How it Works: An Example
Susan and her two sisters start a high-tech company that becomes very successful and is now worth nine million dollars. Susan is married to Elmer who stays at home, does not work, does not share in the housework, and claims he is too busy writing novels to take out the garbage, although he has never finished or published a novel. He wrote only one short newspaper article twelve years ago. He likes to attend University courses on creative writing at Susan’s expense and spends hours on Twitter and Facebook condemning people who think it is important to be a productive person. Elmer meets Twinkie, a twenty-something barbie doll in one of his classes who is enamored by his wit and status as a writer. They decide to take a world cruise funded by a divorce settlement with Susan. Since Susan and Elmer have been married for ten years, the divorce court awards Elmer one-half of the $3 million value of Susan’s share in the business. Without a buy-sell agreement, Elmer would then own 1/6 of the company and be able to sell the shares to an outsider investor bottom-fisher shark for 50% of the value. After divorce expenses, Elmer nets $500,000, funding his planned two-year five-star tour of the world with Twinkie.
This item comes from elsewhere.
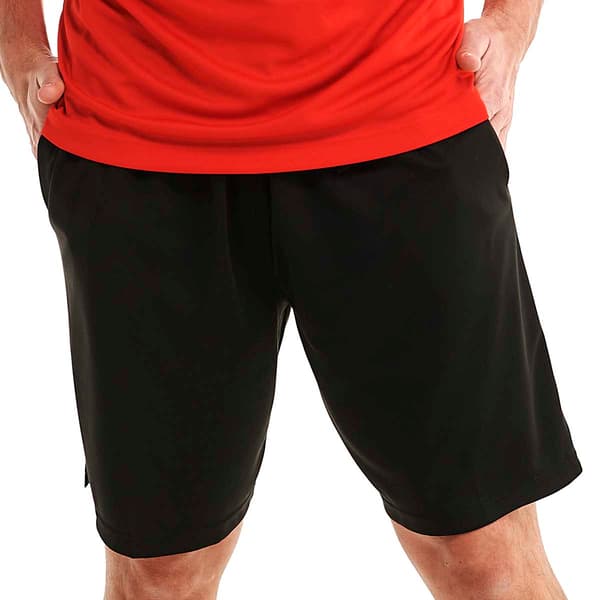 Mens Starting Point(R) Jersey Active Shorts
Susan and her sisters had the wisdom to have a buy-sell agreement. Under the buy-sell agreement, when a divorce court orders the transfer of shares pursuant to a divorce, that automatically triggers a requirement that the shares subject to the divorce decree must first be offered to the company and then to the other partners. Also, the price for the shares is set at a 33% discount to recognize restrictions on transfer and centralized management of the LLC. Payments are made only once a year on January 1 divided up over 20 years of payments, with the interest being the minimum allowed by the IRS. As a result, Elmer will only get about $53,000 a year, not enough to fund the planned luxury life world tour. Elmer settles for a cash offer of $200,000, the number he and Twinkie needed for their world cruise with an open free bar.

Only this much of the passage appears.